Maggie

Depuis ses origines, le thème du mort vivant à été traité à presque toutes les sauces, horrifiques avec un fond politique, comme les films de Georges Roméro, ou humoristique à tendance Shaun Of The Dead. Mais, peu on pensé à le traiter de manière dramatique, comme dans Maggie, réalisé en 2015 par Henry Hobson.

Le cinéaste débute sa carrière en 2006. Durant deux ans, il travaille, avec d’autres, sur le générique d’ouverture de la série Anglaise Mi-5. Puis, il accède au monde du cinéma et fait ses armes sur, Sherlock Holmes, Karaté Kid, Rango, ou encore Un Eté A Ossage Country.

En 2013, les producteur de la société Inferno Films le contactent pour reprendre les reines d’un projet laissé vacant faute de metteur en scène.
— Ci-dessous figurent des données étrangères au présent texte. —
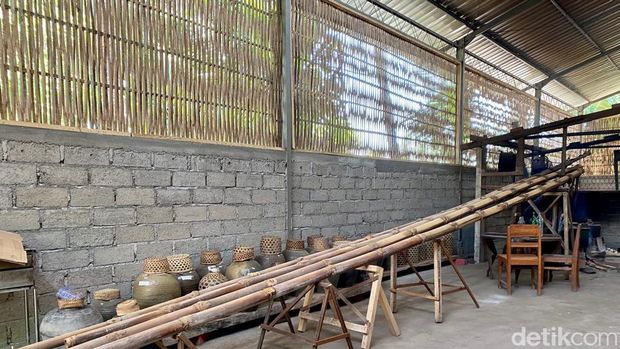 Begini Cara Pembuatan Arak Bali yang Tahan Disimpan Tahunan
Se sentant prêt, Henry Hobson décide de tenter l’aventure du premier long métrage. Les personnage centraux doivent ètre incarné par Chloé Moretz et Paddy Considine. Mais, tous deux choisissent de quitter rapidement le projet. 
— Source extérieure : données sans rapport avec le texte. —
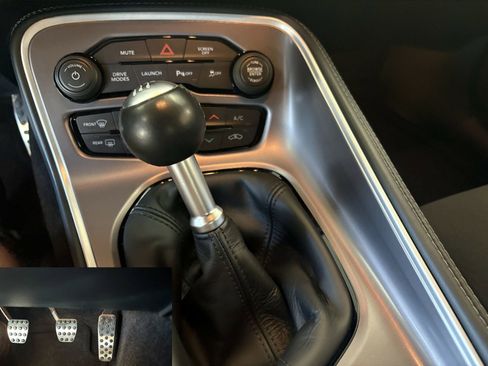 Used 2022 Dodge Challenger R/T Scat Pack image 14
Arrive alors Arnold Schwarzenegger. Le comédien et ancien homme politique souhaite changer son image et s’orienter vers des rôles moins physiques et plus sensibles.

Le film Maggie va lui en donner l’occasion. Il en devient acteur et producteur. Pour remplacer Chloé Moretz, le réalisateur choisit Abigail Breslin. Révélée à l’age de 5 ans dans le film de M Night Shyamalan, Signes, au coté de Mel Gibson, la jeune actrice enchaînera les tournages, mais, ce n’est qu’en 2006 qu’elle connaît le succès grace à son personnage dans le film Little Miss Sunshine.
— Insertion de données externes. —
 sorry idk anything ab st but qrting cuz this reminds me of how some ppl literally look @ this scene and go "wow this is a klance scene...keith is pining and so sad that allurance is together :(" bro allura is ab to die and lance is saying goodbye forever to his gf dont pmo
Sa popularité grandissante l’amènera à côtoyer, notamment, Jodie Foster, Alec Baldwin ou encore Woody Harrelson.

Elle se retrouve donc, en 2015, à jouer au coté d’Arnold Schwarzenegger et Joely Richardson le personnage de Marguerite Vogel, une adolescente dont la vie bascule le soir ou elle est agressée, puis, mordue par un zombie.

Son père, Wade, se rend rapidement au urgences. Dans un monde ravagé par une épidémie mondiale, la loi voudrait que Maggie soit conduite dans un centre spécialisé, mais, Wade s’y refuse et choisit de la ramener à la maison, ou vit également sa femme, Caroline. Un compte à rebours commence, la jeune fille ayant à peine quinze jours devant elle avant de se transformer définitivement.   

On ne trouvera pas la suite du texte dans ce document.